I definitely felt a distance from these characters even though I was constantly exposed to images of the characters in intimate moments. Creating this illusion must be difficult because filming was consistently done in close-quarter and intimate settings such as a family home or in an alleyway. I felt that the technique of filming a hallway, but hearing the characters speaking somewhere out of frame was an effective way to make me feel distant from the characters. I almost felt like I wasn't allowed or supposed to be in on their conversations, but instead I just happened to be there, eavesdropping on peoples lives and conversations.
Toggle Commented May 15, 2013 on IN THE MOOD FOR LOVE: So close, so far at Geog/Film
Did anyone else find Wong's music choices interesting in Chungking Express? There were several American songs like California Dreamin' and there was a Chinese cover of a popular song from the 90s I think. It was weird to hear American songs in a movie that was mainly in Chinese, and it is odd to see how much of an impact American music has had on other cultures. It would be pretty rare to hear a popular song from Hong-Kong in an American movie.
Toggle Commented May 8, 2013 on Open thread at Geog/Film
I think "blatantly expressive" means that Wong Kar-wai often neglects the more subtle techniques of m-e-s, and instead uses dramatic, and somewhat obvious maneuvers to make his point, visually. Like Lauren said, Wong often shoves the meaning or focus of the scene right under our noses. Like others have already pointing out, the shots with long exposures, which create a distorted effect on objects in motion, are the uses of m-e-s that stick out the most to me. These images look so unnatural and almost cartoony, and they are "blatantly expressive" because the viewer instantly knows that something weird is going on in the scene. Whereas less subtle m-e-s techniques such as an interesting camera angle, lighting or color scheme may not jump out to the viewer right away as being intentional or as trying to convey something artistic.
Toggle Commented May 8, 2013 on Wong Kar Wai and "expressive" cinema at Geog/Film
Chungking Express was an interesting movie to watch, especially because it was an extreme contrast to the Terrence Malick movies we just finished Watching. While Malick's films showed the viewer wide open landscapes and scenery, Wong Kar-wai's film felt claustrophobic and the settings seemed small and cramped in comparison. Wong Kar-wai's film seemed to be filmed mostly at night, especially in the first half, but Malick tended to film most of his films during the day. It is interesting to look at these two different styles of filming movies that have to do with dealing with depression and loneliness.
Would it be a good idea to include stills from the films in our essay?

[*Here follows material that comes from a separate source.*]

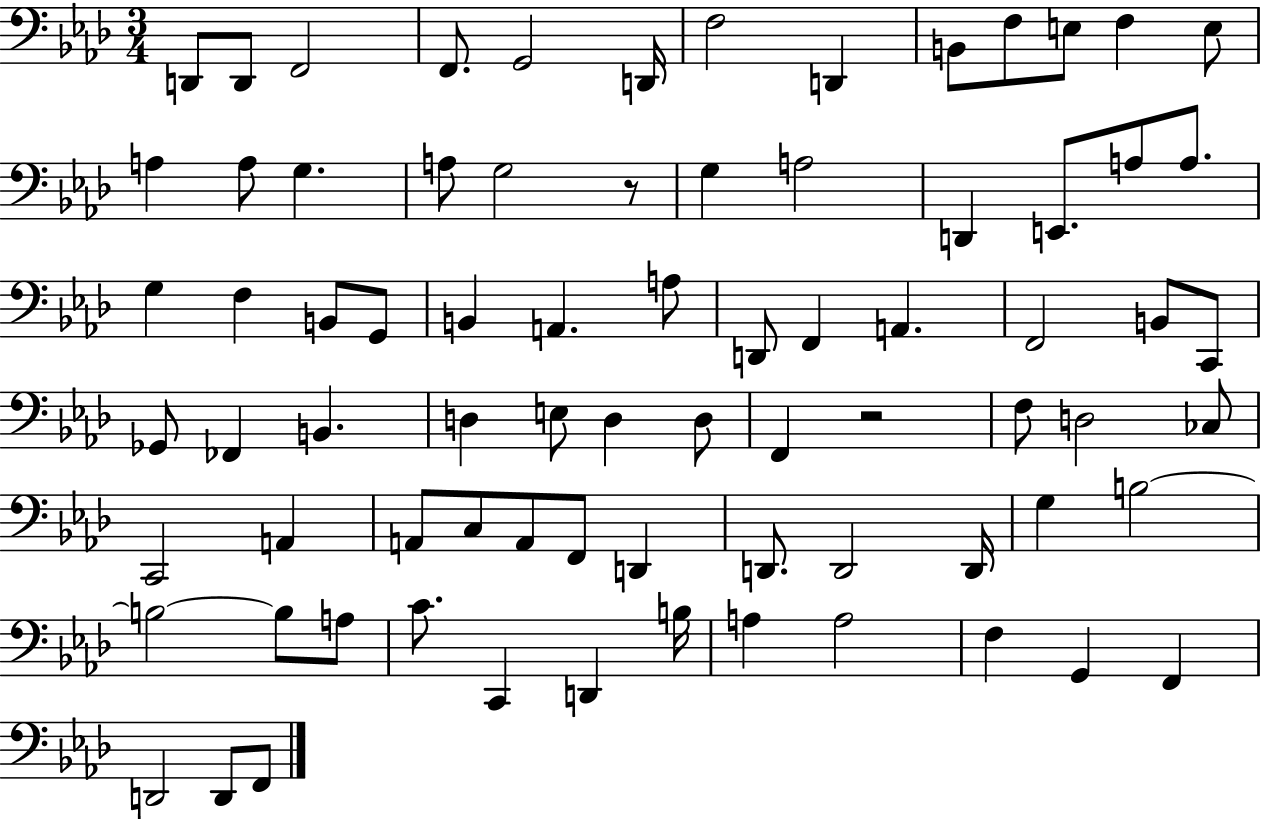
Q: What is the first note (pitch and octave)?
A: D2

Toggle Commented May 3, 2013 on First Thematic Essay at Geog/Film
In terms of mise-en-scene, one of the things that unite Malick's films are his frequent use of open form in outdoor, natural scenes. In Badlands, the scene where Kit and Holly were in the field with the windmill and the couple is a good example how Malick carefully arranges objects in the frame. In this particular scene, Objects are arranged by height and have an even amount space between them. I felt like artistic and careful arrangement played a central part in all three of the Malick films we watched. It's difficult to tell if there were other authors that contributed to Malick's signature. Perhaps his camera crew and directors of photography had an impact on his work. I doubt that Malick personally decided on every single angle of every shot, so I think the director of photography helped decide on camera locations and and shot types.
Toggle Commented May 1, 2013 on Reflecting on Terrence Malick's films at Geog/Film
One of the things that stood out most to me while watching this movie was how well it put me into the mindset of what it must have been like to be one of the first people to explore and discover the New World. I think the underwater scenes in the beginning and the shots of the natives playing in the fields gave the viewer a sense that this place was already a civilized, well-adapted society. Then when the large boats appeared near land, I felt like I was watching strange, unnecessary invaders arriving on land. It was interesting to be put into the position of thinking about what it must have been like, for both the settlers and the natives, to experience the interaction between these two cultures.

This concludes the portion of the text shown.